Many thought Isherwood, who had built his own literary reputation by then and was studying Indian philosophy, was the basis for the book's hero. Isherwood went so far as to write to Time denying this speculation. It has been suggested that Guy Hague was an important influence in the character of Darrell, although it now appears that he was not at Ramanasramam when Maugham visited. The English poet and translator Lewis Thompson is thought to be a more likely candidate. David Haberman has pointed out that Ronald Nixon, an Englishman who took monastic vows and became known as Krishna Prem, served as a fighter pilot in the First World War and experienced a crisis of meaninglessness that was "strikingly similar" to that experienced by Larry.
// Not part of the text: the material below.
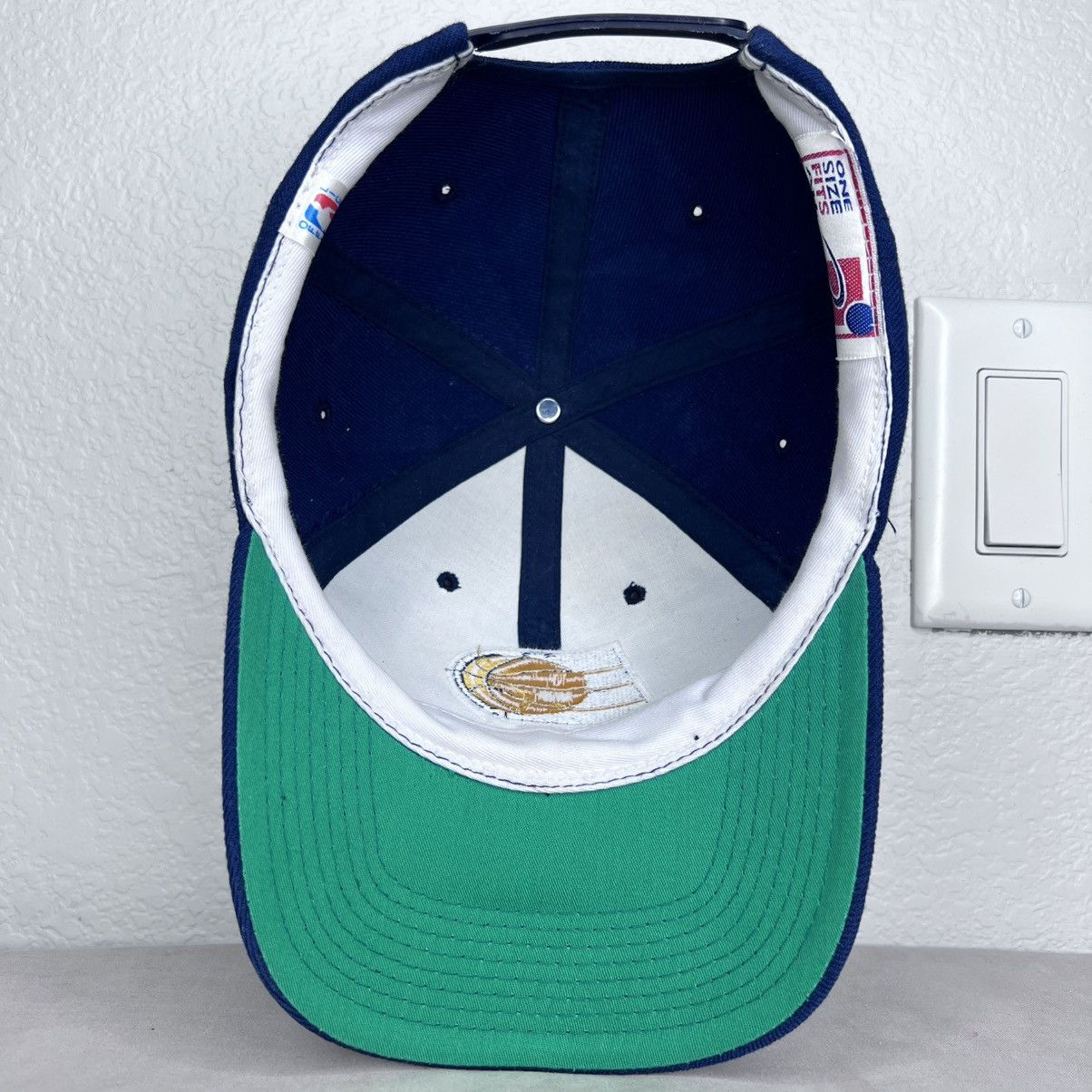 Sports Specialties 1990s Indiana Pacers Sports Specialties Plain Logo Snapback Size ONE SIZE - 9 Thumbnail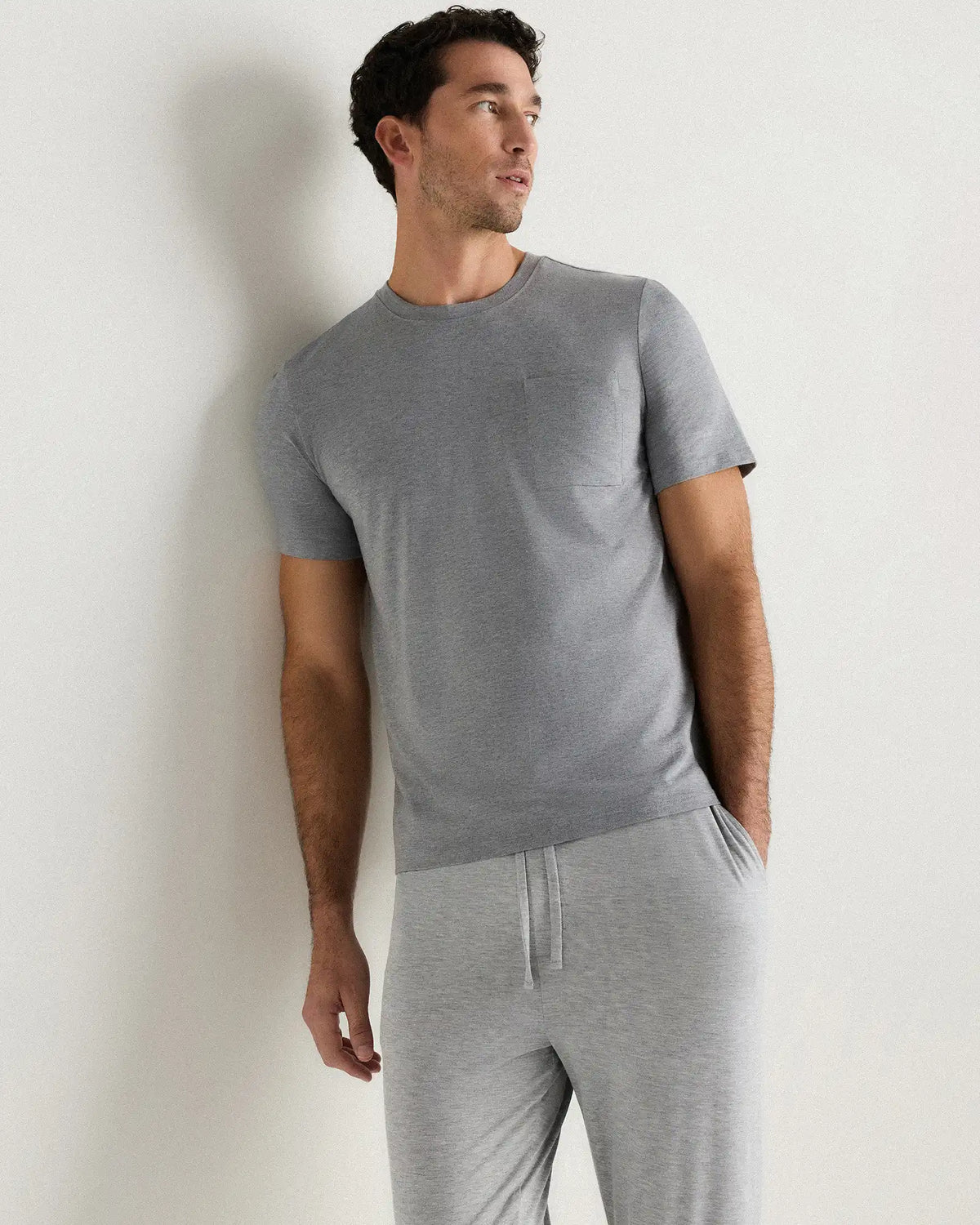Bamboo Jersey Relaxed Lounge Tee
Another distinct possibility for influence is raised by the anglicised American, British MP Chips Channon in his diaries. During a trip to New York in August 1944, Channon wrote "I saw much of Somerset Maugham, who never before was a friend. He has put me into a book, 'the Razor's Edge' and when I dined with him, I asked him why he had done it, and he explained, with some embarrassment, that he had split me into three characters, and then written a book about all three. So I am Elliott Templeton, Larry, himself the hero of the book, and another: however I am flattered, and the book is a masterpiece ...".